Terra Azul, da Cia. Zero de Bonecos, em cena no Teatro Laura Alvim, é uma deliciosa science-fiction para crianças, construída zilhões de anos à frente, sem que, no entanto, o seu personagem principal deixe de se envolver com problemas rotineiros do atual universo infantil: dever de casa, aulas sobre temas irrelevantes e mãe que, por excesso de trabalho, nunca pode estar presentes na hora do jantar.

Fora esses pequenos entraves, Yuri tem sob sua responsabilidade questões maiores que devem ser resolvidas.
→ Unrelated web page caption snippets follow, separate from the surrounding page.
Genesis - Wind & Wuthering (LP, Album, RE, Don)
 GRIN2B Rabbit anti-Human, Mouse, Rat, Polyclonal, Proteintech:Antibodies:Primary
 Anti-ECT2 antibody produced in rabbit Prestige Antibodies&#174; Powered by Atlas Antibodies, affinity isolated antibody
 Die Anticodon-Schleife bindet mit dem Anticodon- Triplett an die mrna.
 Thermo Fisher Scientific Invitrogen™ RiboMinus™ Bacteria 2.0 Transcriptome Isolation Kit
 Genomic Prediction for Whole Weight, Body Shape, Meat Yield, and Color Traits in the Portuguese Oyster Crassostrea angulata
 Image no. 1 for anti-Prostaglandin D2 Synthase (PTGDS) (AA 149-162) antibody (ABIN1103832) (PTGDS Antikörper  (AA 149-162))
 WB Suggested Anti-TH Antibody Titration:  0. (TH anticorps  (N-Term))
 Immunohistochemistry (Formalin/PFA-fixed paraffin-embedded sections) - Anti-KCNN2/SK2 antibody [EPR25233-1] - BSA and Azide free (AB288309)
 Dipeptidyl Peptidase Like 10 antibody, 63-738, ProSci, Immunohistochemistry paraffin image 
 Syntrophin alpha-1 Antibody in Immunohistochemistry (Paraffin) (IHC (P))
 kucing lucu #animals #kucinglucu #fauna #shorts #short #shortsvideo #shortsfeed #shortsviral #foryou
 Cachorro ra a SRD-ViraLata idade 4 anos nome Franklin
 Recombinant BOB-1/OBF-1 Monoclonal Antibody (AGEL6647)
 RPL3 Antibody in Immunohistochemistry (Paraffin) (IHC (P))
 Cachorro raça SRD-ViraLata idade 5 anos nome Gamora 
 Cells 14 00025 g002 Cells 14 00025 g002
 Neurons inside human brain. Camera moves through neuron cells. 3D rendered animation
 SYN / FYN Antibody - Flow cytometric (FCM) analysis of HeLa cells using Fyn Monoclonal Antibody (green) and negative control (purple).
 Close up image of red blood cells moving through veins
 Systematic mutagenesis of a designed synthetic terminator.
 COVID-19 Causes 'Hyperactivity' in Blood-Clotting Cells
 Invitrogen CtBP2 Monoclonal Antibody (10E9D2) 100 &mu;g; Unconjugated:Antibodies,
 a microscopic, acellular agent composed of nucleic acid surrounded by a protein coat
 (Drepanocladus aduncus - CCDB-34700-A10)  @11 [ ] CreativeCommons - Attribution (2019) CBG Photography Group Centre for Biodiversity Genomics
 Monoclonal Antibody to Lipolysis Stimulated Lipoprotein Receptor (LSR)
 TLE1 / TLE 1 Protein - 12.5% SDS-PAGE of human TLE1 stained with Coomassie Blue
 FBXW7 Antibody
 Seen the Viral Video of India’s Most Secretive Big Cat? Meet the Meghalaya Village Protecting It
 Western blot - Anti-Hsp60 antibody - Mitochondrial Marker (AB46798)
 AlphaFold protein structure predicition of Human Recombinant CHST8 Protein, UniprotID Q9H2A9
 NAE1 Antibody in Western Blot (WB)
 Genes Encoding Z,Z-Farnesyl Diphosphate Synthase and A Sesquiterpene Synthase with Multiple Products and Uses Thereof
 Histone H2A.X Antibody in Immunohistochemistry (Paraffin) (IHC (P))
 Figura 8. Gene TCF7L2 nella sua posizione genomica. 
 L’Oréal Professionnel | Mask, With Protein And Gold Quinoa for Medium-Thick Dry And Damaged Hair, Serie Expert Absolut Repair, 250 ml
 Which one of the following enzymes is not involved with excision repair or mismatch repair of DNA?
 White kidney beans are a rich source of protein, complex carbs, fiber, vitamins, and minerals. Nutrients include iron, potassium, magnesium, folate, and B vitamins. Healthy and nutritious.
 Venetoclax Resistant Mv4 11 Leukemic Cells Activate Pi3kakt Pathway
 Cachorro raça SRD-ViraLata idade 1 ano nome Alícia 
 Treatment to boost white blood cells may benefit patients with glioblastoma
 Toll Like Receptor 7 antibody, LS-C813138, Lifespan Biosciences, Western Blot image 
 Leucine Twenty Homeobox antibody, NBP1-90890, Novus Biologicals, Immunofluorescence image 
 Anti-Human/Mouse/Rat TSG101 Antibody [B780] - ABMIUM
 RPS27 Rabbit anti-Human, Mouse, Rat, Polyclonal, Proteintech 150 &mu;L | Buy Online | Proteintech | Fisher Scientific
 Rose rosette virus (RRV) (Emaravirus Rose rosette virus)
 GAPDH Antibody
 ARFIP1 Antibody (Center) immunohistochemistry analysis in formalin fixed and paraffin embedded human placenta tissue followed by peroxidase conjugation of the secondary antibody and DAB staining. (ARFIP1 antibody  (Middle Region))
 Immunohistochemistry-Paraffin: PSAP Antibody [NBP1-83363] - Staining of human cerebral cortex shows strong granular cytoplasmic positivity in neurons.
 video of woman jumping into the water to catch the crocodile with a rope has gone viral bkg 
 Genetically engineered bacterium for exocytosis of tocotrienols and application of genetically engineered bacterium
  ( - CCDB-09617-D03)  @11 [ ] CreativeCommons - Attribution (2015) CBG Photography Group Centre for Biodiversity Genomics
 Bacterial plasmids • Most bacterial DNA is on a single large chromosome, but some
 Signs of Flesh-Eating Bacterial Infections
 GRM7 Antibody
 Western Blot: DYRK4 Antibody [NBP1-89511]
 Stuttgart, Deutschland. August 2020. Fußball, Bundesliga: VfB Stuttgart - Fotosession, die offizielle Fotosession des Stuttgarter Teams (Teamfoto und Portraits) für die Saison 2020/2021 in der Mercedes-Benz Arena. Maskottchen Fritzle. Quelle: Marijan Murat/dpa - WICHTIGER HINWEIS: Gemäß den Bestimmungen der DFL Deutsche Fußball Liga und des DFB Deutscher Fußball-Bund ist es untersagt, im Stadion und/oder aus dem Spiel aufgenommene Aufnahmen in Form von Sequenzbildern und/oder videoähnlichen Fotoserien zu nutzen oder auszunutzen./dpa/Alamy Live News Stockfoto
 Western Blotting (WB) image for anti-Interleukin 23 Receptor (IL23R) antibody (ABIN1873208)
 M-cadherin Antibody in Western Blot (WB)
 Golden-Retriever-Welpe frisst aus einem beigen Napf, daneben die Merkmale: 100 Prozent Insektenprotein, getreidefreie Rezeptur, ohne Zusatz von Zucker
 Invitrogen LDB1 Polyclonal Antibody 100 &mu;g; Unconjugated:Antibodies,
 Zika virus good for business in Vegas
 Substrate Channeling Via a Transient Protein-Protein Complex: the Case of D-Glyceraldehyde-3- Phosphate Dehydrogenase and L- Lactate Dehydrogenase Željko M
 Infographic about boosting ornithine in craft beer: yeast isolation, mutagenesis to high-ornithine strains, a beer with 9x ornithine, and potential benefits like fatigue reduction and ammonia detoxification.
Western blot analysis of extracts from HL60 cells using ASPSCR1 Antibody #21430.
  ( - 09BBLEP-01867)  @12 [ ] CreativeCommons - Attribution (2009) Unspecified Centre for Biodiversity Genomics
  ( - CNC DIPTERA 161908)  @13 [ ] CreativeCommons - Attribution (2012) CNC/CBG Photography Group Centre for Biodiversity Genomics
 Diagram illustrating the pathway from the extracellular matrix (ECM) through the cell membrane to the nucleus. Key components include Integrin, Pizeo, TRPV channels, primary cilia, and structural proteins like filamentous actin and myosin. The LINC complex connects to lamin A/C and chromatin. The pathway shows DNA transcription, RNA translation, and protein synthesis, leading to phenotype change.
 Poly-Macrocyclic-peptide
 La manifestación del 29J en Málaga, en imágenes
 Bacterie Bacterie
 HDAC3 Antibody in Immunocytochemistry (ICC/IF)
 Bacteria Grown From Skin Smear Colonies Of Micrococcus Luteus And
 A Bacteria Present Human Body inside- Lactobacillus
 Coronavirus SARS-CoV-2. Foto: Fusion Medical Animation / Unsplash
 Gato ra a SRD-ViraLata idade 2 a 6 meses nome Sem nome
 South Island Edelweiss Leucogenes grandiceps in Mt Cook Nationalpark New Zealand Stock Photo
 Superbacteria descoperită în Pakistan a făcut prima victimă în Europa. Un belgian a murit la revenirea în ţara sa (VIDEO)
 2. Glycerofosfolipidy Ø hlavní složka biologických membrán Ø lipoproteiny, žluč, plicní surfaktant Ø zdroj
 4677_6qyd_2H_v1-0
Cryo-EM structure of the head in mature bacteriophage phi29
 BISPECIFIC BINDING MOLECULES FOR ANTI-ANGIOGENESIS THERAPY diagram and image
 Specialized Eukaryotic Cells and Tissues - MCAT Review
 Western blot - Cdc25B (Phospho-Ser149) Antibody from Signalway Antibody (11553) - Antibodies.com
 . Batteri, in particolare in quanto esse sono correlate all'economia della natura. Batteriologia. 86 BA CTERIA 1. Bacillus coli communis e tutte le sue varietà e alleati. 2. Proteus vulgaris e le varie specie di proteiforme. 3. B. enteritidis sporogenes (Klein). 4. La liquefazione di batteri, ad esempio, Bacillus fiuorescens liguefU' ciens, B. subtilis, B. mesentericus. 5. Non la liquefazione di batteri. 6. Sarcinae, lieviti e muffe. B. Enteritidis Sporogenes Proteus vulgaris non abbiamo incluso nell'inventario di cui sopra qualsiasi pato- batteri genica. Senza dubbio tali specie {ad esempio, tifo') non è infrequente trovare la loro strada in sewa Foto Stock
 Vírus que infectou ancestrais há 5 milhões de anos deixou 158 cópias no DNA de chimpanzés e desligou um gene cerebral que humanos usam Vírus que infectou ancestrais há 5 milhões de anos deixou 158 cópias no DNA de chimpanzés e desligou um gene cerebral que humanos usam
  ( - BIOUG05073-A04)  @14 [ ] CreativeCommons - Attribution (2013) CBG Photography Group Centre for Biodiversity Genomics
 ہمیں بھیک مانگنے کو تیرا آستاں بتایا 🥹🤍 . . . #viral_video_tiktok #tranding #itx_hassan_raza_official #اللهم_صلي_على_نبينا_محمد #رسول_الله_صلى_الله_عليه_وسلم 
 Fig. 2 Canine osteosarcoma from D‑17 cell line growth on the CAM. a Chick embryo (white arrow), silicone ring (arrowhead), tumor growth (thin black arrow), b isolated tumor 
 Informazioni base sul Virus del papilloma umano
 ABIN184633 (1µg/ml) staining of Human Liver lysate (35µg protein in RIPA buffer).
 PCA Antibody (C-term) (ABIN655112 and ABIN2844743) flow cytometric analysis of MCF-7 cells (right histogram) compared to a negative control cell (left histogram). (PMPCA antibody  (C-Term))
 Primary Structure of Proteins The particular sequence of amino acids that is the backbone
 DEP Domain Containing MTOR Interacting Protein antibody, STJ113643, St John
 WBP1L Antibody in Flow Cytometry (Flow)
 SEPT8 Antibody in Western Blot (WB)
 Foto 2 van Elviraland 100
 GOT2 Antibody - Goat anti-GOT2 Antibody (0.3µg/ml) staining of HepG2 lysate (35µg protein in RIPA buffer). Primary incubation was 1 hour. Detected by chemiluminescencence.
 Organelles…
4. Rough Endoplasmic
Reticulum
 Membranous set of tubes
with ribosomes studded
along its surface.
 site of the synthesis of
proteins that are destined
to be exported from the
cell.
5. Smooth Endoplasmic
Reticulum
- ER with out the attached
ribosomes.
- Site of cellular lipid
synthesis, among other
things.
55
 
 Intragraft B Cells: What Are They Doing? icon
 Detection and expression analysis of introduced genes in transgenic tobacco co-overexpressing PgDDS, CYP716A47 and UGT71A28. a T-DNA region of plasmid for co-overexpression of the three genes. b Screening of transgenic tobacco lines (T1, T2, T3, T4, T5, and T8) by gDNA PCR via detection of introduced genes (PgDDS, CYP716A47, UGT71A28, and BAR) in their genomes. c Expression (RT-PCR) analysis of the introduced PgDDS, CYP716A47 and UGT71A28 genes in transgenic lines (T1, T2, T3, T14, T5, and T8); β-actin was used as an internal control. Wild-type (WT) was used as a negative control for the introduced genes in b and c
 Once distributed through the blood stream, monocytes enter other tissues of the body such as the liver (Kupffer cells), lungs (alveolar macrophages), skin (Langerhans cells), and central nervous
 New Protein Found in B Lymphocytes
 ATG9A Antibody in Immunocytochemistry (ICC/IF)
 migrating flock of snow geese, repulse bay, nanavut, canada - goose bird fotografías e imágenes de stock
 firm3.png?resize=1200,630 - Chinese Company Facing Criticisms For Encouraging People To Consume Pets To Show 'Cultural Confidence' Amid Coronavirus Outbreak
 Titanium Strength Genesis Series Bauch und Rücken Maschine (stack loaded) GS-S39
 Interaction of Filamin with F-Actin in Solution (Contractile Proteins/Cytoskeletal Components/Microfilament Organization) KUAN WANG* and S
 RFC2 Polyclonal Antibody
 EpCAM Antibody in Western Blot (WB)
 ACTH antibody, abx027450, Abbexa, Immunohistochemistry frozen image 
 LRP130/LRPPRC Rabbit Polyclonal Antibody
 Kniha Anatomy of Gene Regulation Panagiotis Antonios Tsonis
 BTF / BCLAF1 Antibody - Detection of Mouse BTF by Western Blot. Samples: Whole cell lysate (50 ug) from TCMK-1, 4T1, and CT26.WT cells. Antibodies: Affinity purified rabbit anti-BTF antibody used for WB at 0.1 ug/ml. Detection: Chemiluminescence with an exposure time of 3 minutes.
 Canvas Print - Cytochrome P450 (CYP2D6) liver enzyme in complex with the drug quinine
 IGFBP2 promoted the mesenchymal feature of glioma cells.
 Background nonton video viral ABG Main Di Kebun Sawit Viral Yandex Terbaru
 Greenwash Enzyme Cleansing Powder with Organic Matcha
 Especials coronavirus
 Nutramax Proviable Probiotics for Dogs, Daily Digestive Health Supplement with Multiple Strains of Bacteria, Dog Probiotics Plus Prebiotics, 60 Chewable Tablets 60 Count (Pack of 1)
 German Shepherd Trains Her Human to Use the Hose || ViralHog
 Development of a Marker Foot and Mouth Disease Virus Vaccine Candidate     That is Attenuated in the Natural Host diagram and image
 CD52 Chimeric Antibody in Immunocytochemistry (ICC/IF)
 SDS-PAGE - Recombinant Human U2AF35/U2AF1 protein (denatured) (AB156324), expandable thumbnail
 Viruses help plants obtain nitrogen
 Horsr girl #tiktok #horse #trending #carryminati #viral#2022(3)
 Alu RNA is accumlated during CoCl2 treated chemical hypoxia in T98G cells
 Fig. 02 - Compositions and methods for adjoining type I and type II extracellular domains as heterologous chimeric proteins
O buraco da camada se ozônio está afetando o planeta e este tende a desaparecer rapidamente. A bordo de sua nave espacial, tendo como co-piloto o robotizado XY, nosso herói viaja pelo tempo, e a cada parada faz contato com os mais interessantes personagens das diversas épocas: Deus, um simpático velhinho em sua oficina inventando o mundo; Adão, Eva e serpente criando confusão no paraíso; Cristóvão Colombo botando um ovo em pé; e até um editor de livros ecológicos, que polui o rio com sua fábrica de papel.

O texto de Rita Espeschit recebeu da equipe de criação da Zero – Wilma Rodrigues e Caco – uma cuidadosa montagem, onde os cenários de Felício Alves e Paulo Viana se constituem num espetáculo à parte. O painel inicial da cidade segue um ritmo cinematográfico, onde o espectador se sente destruindo todas as paredes para, enfim desvendar o quarto de Yuri. Também muito simpática é a oficina do criador, cheia de caixinhas, traquitanas e vidros coloridos.

Com todo esse aparato técnico, a Cia. Zero deve apenas reavaliar a luz do espetáculo, que por vezes se apresenta escura demais e por outras deixa evidente a figura do manipulador, quebrando assim a magia da encenação. Mas esse é apenas um detalhe facilmente contornável. Afinal, até a própria natureza, tão perfeita, comete seus deslizes, como o exagerado caroço do abacate, os inconvenientes espinhos da rosa e o definitivamente insuportável gosto do jiló.